Corey: And I did love you, and I still... only I didn't realise that it really was love because it was more than love and it wasn't just some stupid feeling in my stomach like everything else and I'll never love anybody as much as you and I hate you! I hate you!
A.J.: Corey, I quit. I quit!
A.J.: I'm going to art school, in Boston. So I can be near you.
(Source: Empire Records)
It’s a shame that sometimes you have to be told something that you should already know. Most people with enormous amounts of talent don’t know they have that talent. They will have to be told that they have this talent, but there’s a chance they may never realize it. That’s because they have bad friends. Bad friends are those friends who never do anything to encourage their other friends. They may not constantly tear you down, but they’ll never tell you, “You know what, you do a good job at…” They just don’t have it in them, they think it shows some type of weakness. If you can show weakness to your friends, then I don’t know who you can show weakness to.

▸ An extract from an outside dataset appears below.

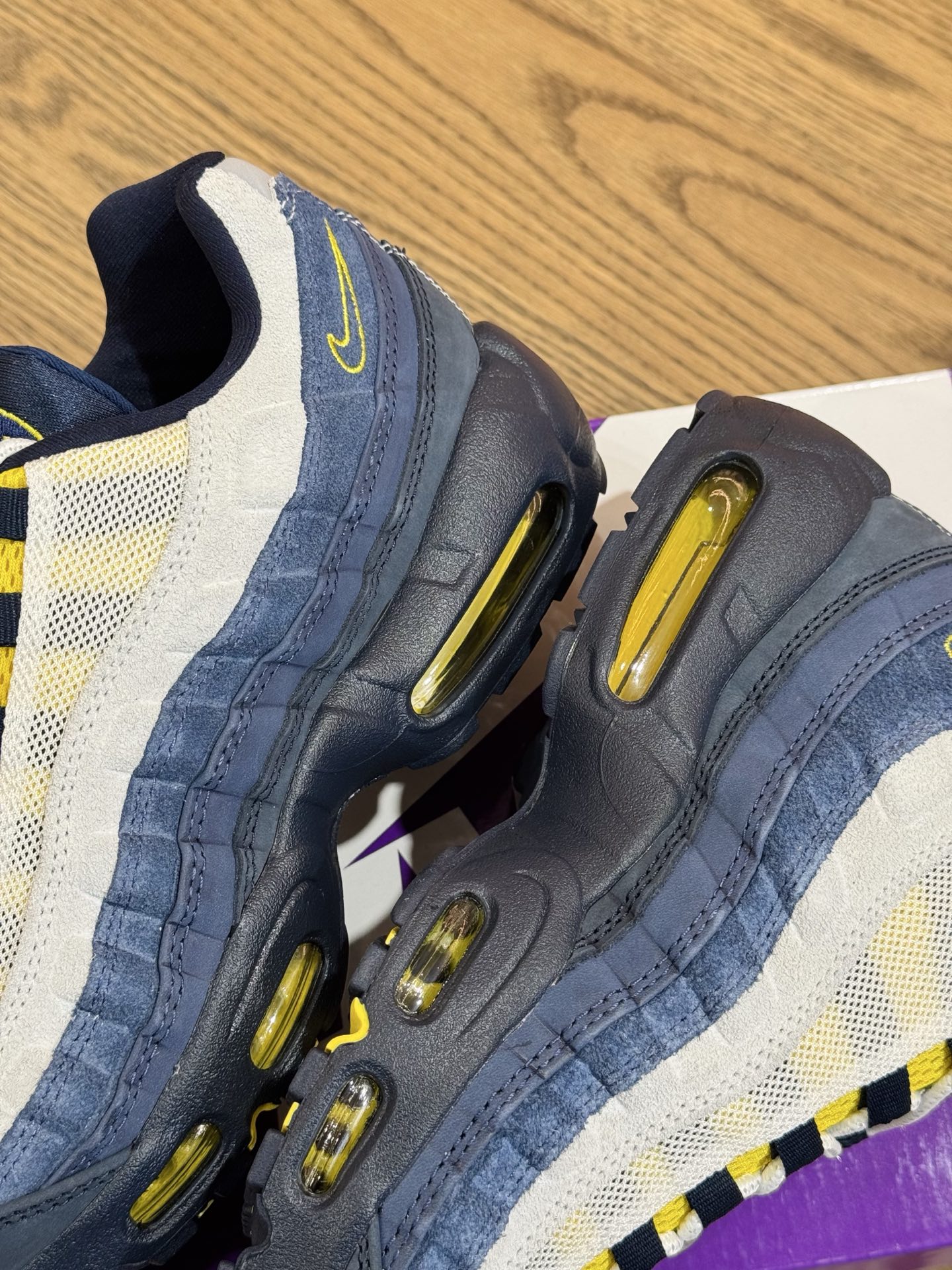 Airmax95 x Eric Koston Obsidian and Speed Yellow HQ8492-400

Thank God it’s Friday, we are officially one week away from a potential government shutdown. It doesn’t seem like the sides are anywhere near reaching a deal. We’ll continue to watch this situation closely, but what bothers me is that it’s now March and we have not passed the 2011 Fiscal year budget. For those of you who do not live in Washington, DC. The fiscal year starts in October. Problem here is, the 2012 budget has already been drafted and is ready to go to Congress. Do you know when that budget will get passed? I’m not sure, there’s a good chance the world ends in 2012.
Pray for all those in Japan. That’s a crazy magnitude of an earthquake.
I want to show you guys something:
The world isn’t coming to an end. We’ve just never had the ability to report as fast and as accurate as we do now. The numbers have been the same over the past few years. And you can actually go back to the 1940s and you won’t see much of a change. Yes, I actually sat down one day and looked at this chart because people are suckers and will believe anything they can put together from the Today show and few movies. I can’t wait for Hollywood to suck people dry with End of the World movies over the next two years.
Say it with your chest!
I have a tendency to put "s" on the end of words when it doesn't need to be there. Does that make me Mexican? I kid, I kid. But you know what's really funny? How many of you laughed at that because it's so true.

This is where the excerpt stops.